## TASK GOAL:
An exact reproduction of the entries is needed. Keep all pictures out of it.

RECORDS SUPPLIED Block Start

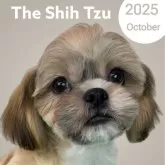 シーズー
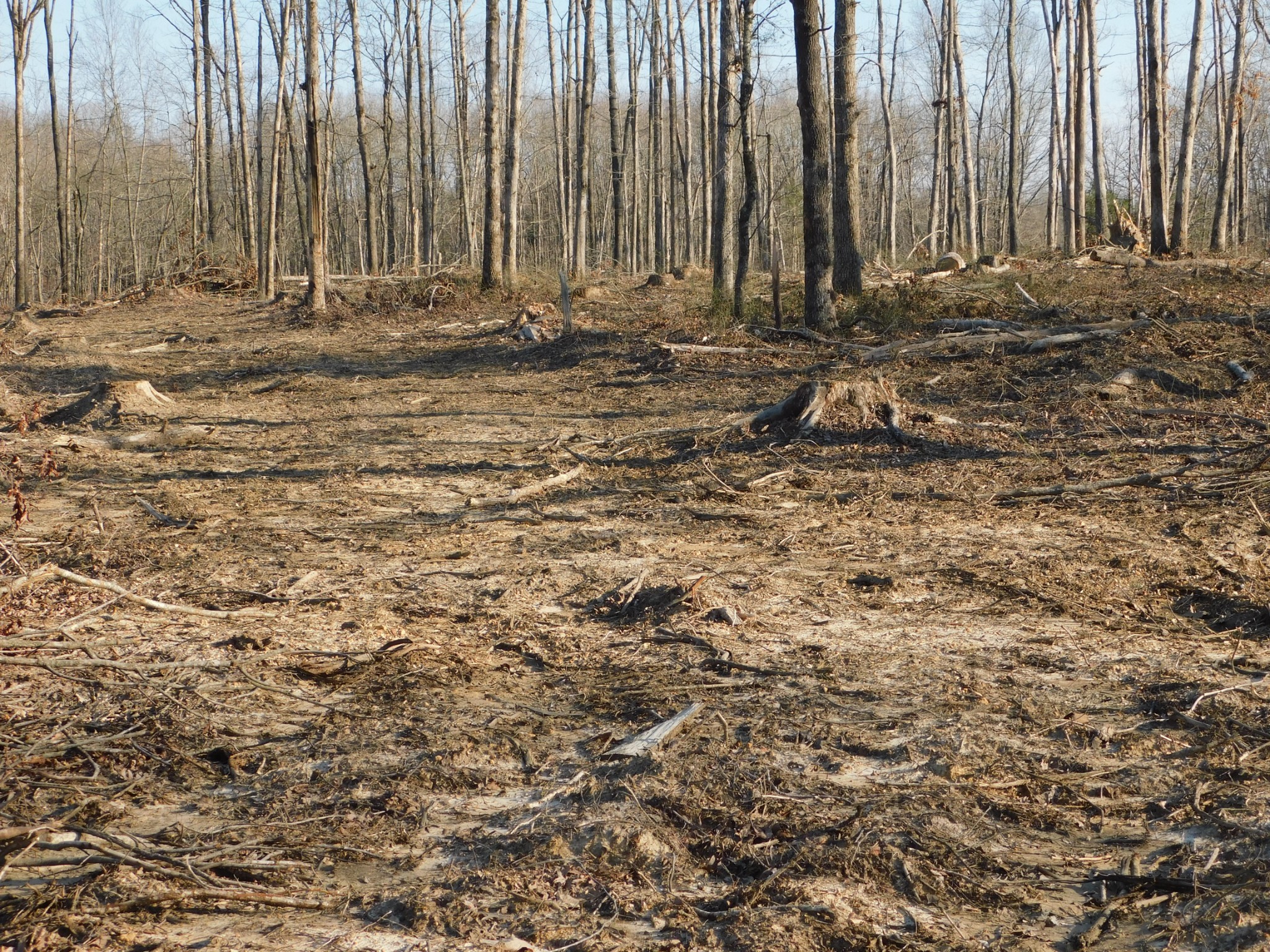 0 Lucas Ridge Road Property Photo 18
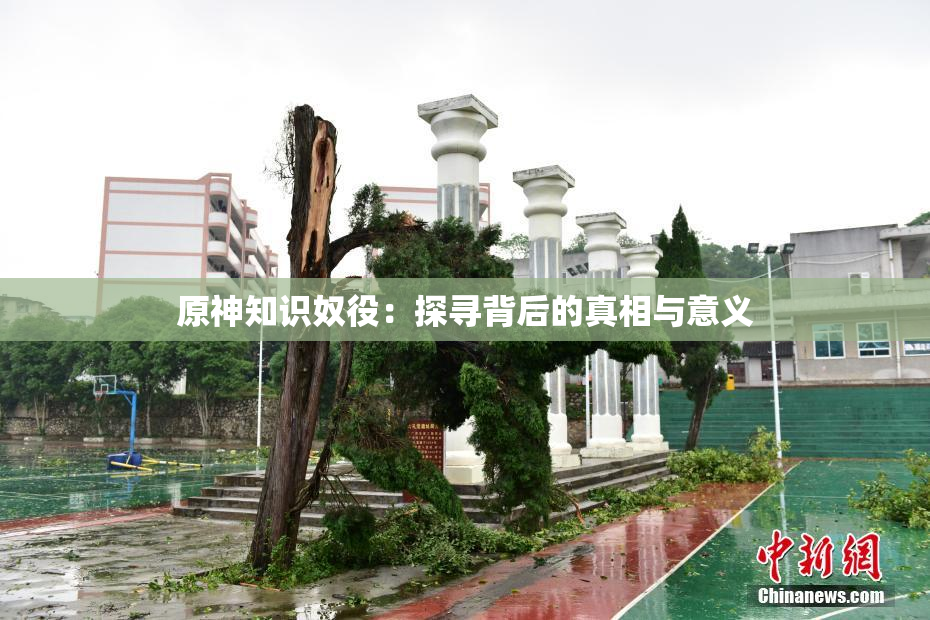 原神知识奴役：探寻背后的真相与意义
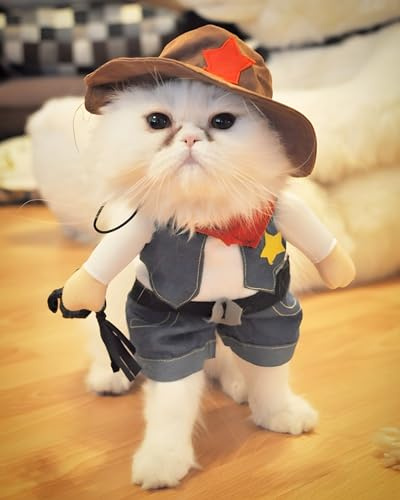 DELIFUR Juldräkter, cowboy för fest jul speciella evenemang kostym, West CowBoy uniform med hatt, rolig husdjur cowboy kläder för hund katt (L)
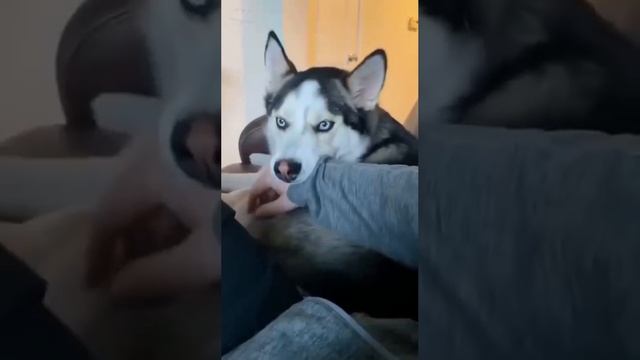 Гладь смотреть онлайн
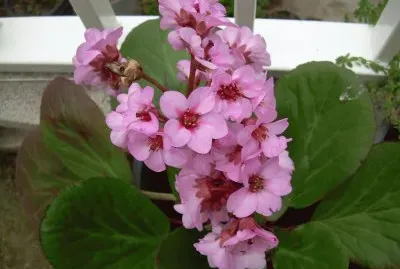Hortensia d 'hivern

RECORDS SUPPLIED Block End

## EXERCISE RESPONSE:
 シーズー
 0 Lucas Ridge Road Property Photo 18
 原神知识奴役：探寻背后的真相与意义
 DELIFUR Juldräkter, cowboy för fest jul speciella evenemang kostym, West CowBoy uniform med hatt, rolig husdjur cowboy kläder för hund katt (L)
 Гладь смотреть онлайн
Hortensia d 'hivern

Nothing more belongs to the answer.